My plan is not to test and to just wait for AF as I have also had chemicals but you never know!


----------



## MeganS0326

Itsawonder, I ended up testing yesterday (7dpo) and today (8dpo) and both were BFN's. I know it's still early but feeling out. I guess we will see what the next few days brings. :coffee:

You sound like you have mastered the tww. Glad you can keep busy and distracted. I'm a SAHM with a 14month old. He keeps me pretty busy for the most part but not busy enough for me to forget about obsessing over when to test. :haha: I have everything crossed that you get your BFP this month! Maybe we'll both be lucky and can be bump buddies :thumbup:


----------



## ItsAWonder

I hope so Megan! And you are right, it is still early so stay positive. You never know how things may turn out... :)


----------



## TLK

Hello everyone! I am 38 and ttc #2. I have a 2 year old VERY busy son. We have been trying since August and have had 2 miscarriages since then. What a roller coaster! I am currently on my first month of clomid and CD 11. Trying to BD every second day. My opk are still pretty white! Good luck to you all and congrats to those lucky ones with a BFP!


----------



## MeganS0326

TLK said:


> Hello everyone! I am 38 and ttc #2. I have a 2 year old VERY busy son. We have been trying since August and have had 2 miscarriages since then. What a roller coaster! I am currently on my first month of clomid and CD 11. Trying to BD every second day. My opk are still pretty white! Good luck to you all and congrats to those lucky ones with a BFP!

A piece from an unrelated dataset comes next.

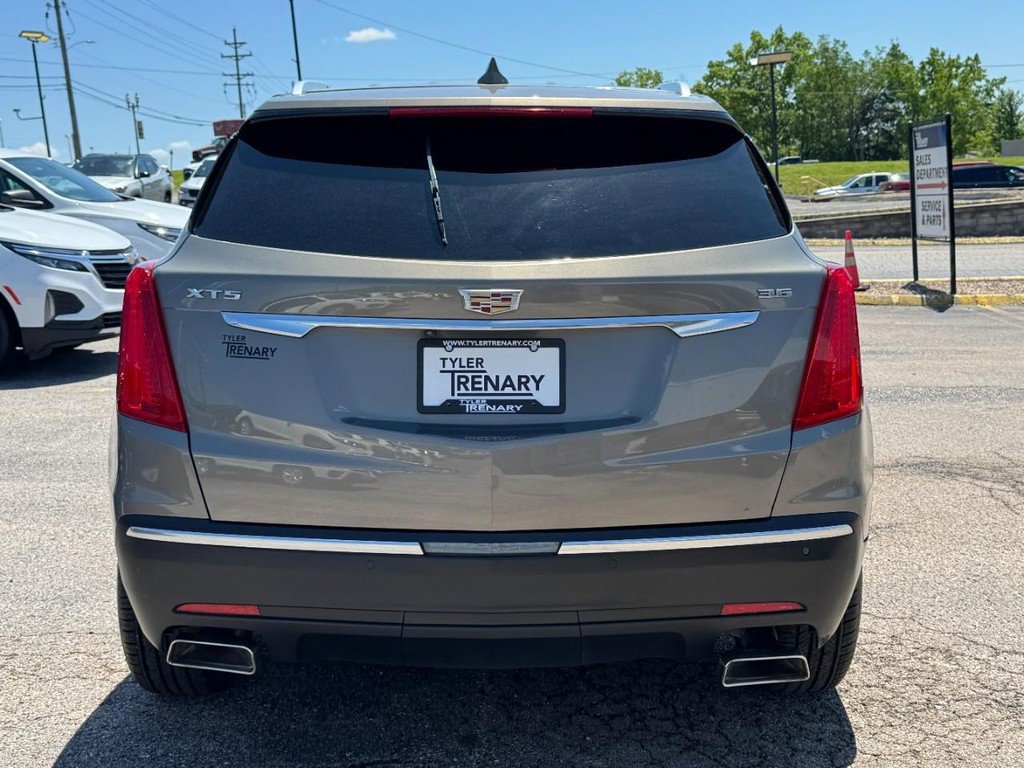 Used 2018 Cadillac XT5 Luxury w/ Driver Awareness Package FWD image 5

Welcome! Good luck catching that eggie this month. Did you use Clomid to conceive your son?


----------



## TLK

No I didn't - I was just about to start Clomid but got pregnant the first cycle. My cycles were regular after I had my son but in the past few months they have been getting longer and longer. My fertility doc thought this might help...

Oh and my husband is 32 too. 

Where are you in the cycle?


----------



## ItsAWonder

TLK - sorry for your losses. I do wish you the best of luck and hope it comes soon!

I am 10dpo today. No symptoms but also not really paying attention. If luteal phase has not changed since pregnancy than I should get AF in 4 days. I will say, with all previous pregnancies, I got really, really bloated about 1 week before AF was due so I am assuming I am not pregnant. Still hopeful though!


----------



## mitchnorm

BFP :happydance:

Got first one last Thursday 11 dpo...then strong positives every day since. Feeling pretty positive that this won't be a chemical (I've had 3 in last year).... Feels different somehow:thumbup:

Good luck to you all x x x


----------



## MeganS0326

Congrats, Mitchnorm!!!! I've got everything crossed that this one is sticky for you!!!

Itsawonder, I hope the next four days speed by and AF stays far away!!

AFM, other than my chart being insane, I'm having no pregnancy symptoms. Today is 13dpo. I haven't tested yet today (can't bring myself to see another BFN) but tested yesterday and it was negative. AF should be here tomorrow so I'm just going to wait it out. :coffee:


----------



## Spudtastic

Mitchnorm - congratulations. Yay. I'm very excited for you  

Megan - still keeping my fingers crossed for you x x 

Itsawonder - I'm hoping this is your month too. 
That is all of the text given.